Come Costanzo Ciano, padre del ministro Galeazzo Ciano, che alla sua morte aveva accumulato un patrimonio di circa 900 milioni di lire.
Non fu il solo: Telesio Interlandi, direttore del quotidiano fascista Il Tevere e uno dei principali esponenti dell’antisemitismo, «avrebbe ricattato per varie decine di migliaia di lire l’ebreo Gino Coen, un facoltoso industriale romano», mentre il “duro e puro” Roberto Farinacci poteva contare su un patrimonio di oltre 614 milioni, una cifra astronomica se si pensa che un senatore guadagnava annualmente al massimo 25mila lire, un maestro 13.500 e un operaio superava appena le 4.200.
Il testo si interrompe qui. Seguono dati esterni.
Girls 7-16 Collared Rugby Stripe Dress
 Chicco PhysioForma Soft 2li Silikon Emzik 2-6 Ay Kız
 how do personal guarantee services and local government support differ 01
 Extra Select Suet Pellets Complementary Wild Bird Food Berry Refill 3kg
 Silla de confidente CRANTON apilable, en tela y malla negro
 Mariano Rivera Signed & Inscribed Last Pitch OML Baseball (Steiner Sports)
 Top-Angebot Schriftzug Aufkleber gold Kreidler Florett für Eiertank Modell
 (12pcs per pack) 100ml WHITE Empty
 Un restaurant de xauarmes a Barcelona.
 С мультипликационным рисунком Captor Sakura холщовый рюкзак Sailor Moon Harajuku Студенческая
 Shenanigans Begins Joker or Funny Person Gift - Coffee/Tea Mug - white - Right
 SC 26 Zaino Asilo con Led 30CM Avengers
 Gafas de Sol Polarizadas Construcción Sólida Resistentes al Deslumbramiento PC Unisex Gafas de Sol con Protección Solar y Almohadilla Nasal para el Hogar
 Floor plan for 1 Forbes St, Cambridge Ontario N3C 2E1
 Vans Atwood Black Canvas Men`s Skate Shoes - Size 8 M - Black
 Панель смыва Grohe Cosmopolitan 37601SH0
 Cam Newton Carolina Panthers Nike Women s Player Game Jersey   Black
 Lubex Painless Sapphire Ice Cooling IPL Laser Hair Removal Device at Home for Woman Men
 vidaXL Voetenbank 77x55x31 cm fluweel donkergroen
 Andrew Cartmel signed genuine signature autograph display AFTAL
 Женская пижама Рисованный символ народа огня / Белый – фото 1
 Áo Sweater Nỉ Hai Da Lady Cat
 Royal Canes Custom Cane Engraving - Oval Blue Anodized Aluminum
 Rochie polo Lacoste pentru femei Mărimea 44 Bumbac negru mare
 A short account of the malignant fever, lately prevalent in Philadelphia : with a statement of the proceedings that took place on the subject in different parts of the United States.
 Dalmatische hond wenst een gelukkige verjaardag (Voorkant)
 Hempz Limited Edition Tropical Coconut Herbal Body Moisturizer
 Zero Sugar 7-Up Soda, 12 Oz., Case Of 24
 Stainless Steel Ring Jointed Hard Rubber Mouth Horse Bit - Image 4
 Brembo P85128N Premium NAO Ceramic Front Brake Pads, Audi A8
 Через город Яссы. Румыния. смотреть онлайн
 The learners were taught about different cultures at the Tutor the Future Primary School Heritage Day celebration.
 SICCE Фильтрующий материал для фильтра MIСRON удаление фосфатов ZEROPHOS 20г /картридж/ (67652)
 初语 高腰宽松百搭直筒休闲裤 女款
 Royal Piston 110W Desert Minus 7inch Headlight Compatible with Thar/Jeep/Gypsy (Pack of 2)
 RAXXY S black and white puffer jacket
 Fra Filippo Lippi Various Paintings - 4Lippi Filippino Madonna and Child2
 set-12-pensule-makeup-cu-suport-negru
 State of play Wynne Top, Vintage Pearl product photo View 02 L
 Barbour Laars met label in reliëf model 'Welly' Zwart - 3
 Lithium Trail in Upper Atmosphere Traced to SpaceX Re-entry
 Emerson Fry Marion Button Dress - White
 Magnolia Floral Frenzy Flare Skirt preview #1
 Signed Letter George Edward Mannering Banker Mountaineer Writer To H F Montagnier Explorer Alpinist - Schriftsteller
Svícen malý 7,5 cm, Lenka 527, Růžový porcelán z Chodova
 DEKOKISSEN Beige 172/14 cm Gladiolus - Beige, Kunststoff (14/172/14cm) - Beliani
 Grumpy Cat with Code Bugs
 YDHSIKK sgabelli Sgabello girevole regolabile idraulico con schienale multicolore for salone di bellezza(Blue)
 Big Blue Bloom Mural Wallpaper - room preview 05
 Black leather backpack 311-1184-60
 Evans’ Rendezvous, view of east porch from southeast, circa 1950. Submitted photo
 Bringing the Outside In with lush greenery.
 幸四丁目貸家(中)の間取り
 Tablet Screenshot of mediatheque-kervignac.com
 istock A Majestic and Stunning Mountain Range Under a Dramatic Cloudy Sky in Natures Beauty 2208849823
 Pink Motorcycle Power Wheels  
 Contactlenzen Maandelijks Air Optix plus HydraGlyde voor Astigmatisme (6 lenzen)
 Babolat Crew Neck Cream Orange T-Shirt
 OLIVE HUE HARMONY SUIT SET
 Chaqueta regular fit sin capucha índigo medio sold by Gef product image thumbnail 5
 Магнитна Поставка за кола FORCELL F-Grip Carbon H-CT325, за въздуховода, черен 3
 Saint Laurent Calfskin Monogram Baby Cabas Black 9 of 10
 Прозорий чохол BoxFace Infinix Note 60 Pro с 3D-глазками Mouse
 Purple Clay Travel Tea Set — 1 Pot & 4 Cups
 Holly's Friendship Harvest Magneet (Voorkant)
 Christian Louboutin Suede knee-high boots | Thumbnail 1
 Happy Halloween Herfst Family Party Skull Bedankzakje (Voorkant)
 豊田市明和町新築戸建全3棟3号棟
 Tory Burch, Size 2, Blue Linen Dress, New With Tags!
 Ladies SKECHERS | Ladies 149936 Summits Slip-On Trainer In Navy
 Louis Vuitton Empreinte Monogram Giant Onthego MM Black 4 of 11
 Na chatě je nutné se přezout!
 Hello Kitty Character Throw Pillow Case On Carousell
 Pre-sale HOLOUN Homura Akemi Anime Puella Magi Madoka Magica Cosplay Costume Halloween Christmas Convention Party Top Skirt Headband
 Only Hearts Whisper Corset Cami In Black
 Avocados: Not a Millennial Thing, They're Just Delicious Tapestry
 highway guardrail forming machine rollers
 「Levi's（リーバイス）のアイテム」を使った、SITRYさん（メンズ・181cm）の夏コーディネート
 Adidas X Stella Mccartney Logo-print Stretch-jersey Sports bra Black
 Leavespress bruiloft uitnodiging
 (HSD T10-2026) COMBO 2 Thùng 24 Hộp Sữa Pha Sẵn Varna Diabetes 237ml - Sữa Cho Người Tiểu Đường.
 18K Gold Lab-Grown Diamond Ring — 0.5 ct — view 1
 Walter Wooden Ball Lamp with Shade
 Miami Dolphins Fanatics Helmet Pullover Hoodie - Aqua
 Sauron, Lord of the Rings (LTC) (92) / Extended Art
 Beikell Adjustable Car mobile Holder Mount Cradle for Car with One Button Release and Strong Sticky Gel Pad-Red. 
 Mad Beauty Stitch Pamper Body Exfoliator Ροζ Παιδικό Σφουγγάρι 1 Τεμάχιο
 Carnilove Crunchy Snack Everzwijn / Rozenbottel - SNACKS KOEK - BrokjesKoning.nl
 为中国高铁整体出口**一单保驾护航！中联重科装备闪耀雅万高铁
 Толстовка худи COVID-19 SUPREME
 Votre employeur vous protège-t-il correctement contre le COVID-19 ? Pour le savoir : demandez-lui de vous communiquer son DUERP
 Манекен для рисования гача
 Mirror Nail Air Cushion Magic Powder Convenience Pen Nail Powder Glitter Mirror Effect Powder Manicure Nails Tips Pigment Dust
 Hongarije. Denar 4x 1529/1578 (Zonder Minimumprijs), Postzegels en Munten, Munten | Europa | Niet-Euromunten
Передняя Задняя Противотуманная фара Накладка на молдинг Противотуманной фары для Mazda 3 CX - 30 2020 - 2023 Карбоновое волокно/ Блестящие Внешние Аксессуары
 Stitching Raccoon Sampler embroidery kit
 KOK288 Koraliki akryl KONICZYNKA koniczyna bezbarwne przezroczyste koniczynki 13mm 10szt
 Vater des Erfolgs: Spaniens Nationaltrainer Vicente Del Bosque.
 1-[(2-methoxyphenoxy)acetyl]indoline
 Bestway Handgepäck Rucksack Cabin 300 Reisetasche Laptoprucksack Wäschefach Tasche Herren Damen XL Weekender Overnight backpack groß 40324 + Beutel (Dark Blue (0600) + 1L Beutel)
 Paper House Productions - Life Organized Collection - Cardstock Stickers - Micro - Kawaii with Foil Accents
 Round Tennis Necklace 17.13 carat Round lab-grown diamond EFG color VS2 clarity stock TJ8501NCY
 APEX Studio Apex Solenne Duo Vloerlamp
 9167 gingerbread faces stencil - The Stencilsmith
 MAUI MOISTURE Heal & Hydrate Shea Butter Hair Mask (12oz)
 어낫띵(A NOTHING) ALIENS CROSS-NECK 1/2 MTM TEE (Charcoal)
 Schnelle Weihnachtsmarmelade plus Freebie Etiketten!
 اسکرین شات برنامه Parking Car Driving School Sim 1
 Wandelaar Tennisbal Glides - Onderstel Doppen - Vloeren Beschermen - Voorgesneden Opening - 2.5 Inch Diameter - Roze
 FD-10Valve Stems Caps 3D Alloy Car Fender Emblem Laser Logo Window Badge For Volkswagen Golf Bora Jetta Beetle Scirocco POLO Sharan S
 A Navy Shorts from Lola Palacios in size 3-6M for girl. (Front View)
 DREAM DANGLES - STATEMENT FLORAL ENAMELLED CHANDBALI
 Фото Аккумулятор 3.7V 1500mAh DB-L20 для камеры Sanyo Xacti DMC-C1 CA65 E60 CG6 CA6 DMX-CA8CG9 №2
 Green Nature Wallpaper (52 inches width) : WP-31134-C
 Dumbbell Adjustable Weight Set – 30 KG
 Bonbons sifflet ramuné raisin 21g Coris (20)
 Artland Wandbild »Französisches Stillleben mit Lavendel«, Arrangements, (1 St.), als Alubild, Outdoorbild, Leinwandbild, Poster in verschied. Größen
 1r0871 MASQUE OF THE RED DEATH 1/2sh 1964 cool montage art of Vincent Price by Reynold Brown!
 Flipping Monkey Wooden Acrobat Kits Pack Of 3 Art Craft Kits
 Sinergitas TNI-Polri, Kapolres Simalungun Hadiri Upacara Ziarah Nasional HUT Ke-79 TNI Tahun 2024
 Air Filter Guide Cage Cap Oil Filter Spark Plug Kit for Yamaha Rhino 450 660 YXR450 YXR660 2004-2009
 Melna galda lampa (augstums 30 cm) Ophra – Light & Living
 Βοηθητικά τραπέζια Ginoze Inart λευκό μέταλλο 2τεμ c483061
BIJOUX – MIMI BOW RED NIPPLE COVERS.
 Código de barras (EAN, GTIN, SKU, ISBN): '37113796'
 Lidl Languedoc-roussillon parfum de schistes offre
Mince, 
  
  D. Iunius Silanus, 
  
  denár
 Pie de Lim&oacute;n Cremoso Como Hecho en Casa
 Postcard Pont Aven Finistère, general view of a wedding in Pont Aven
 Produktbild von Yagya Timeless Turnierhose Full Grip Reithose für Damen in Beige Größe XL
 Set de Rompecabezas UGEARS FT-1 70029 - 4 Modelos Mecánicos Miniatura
5. Ciceruacchio e Tarquinio il Superbo
- Ciceruacchio: da ultras della devozione a mangiapreti
Angelo Brunetti, detto Ciceruacchio, è ricordato per essere stato uno dei protagonisti più agguerriti della Repubblica Romana del 1849 di cui fu uno strenuo difensore.
A lui Giuseppe Garibaldi affidò il compito di requisire i confessionali delle chiese romane e di accatastarli per le barricate contro i francesi.
Anche di lui scrive Mieli in Le verità nascoste: «Ciceruacchio non esitò a mettere a soqquadro alcune importanti chiese»: nel giro di quattro ore furono sequestrati 55 confessionali, rubati arredi e anche trafugate immagini sacre in gran quantità.
Eppure, lo stesso uomo che non esitò a profanare i luoghi sacri della Chiesa, pochi anni prima si era distinto per il suo fervore nel sostenere il pontefice, agendo come un vero e proprio “ultras della devozione a Pio IX”.
Convinto che il papa eletto nel 1846 potesse essere portatore delle agognate riforme dello Stato Pontificio richieste dalla popolazione, Brunetti divenne in breve tempo l’organizzatore delle ovazioni che accoglievano il papa ovunque andasse o delle gelide accoglienze riservate al pontefice lento nel promulgare le riforme.
Quando poi, il 27 novembre 1848, Papa Pio IX firmò un decreto con il quale annullava “tutto quello che aveva concesso nei mesi precedenti”, Brunetti da sostenitore incallito divenne un feroce “mangiapreti”.
- La cacciata di Tarquinio il Superbo fu il risultato di un colpo di stato, non di una rivoluzione popolare
La prima rivoluzione popolare che riuscì a scacciare un tiranno avvenne a Roma nel 509 a.C. Portò alla caduta del settimo e ultimo re di Roma, Tarquinio il Superbo, etrusco come i suoi due predecessori.
Questo è quanto la storia ci ha tramandato, ma Mieli cita nel suo Le verità nascoste lo studioso Thierry Camous, autore di Tarquinio il Superbo.
Il re maledetto degli etruschi, il quale è convinto che le cose non siano andate proprio così: quello che venne dipinto come un vero e proprio moto popolare non fu altro, in realtà, che un colpo di stato ante litteram, abilmente messo in atto e manovrato da chi voleva prendere il potere.
Secondo Camous, infatti, la cacciata di Tarquinio il Superbo fu una congiura riconducibile «alla frustrazione di un’aristocrazia romana che aveva visto ridursi il proprio potere».
Un golpe, dunque, ordito e attuato da Lucio Giunio Bruto e Tarquinio Collatino, che diventeranno i primi due consoli della Repubblica.
La versione manipolata arrivata fino a noi non sarebbe che conseguenza di «un’opera di negazione manipolatoria» di alcuni storici romani per un fine propagandistico, volto a far passare una trama di palazzo per un «sollevamento nazionale del popolo romano di fronte ai suoi tiranni stranieri».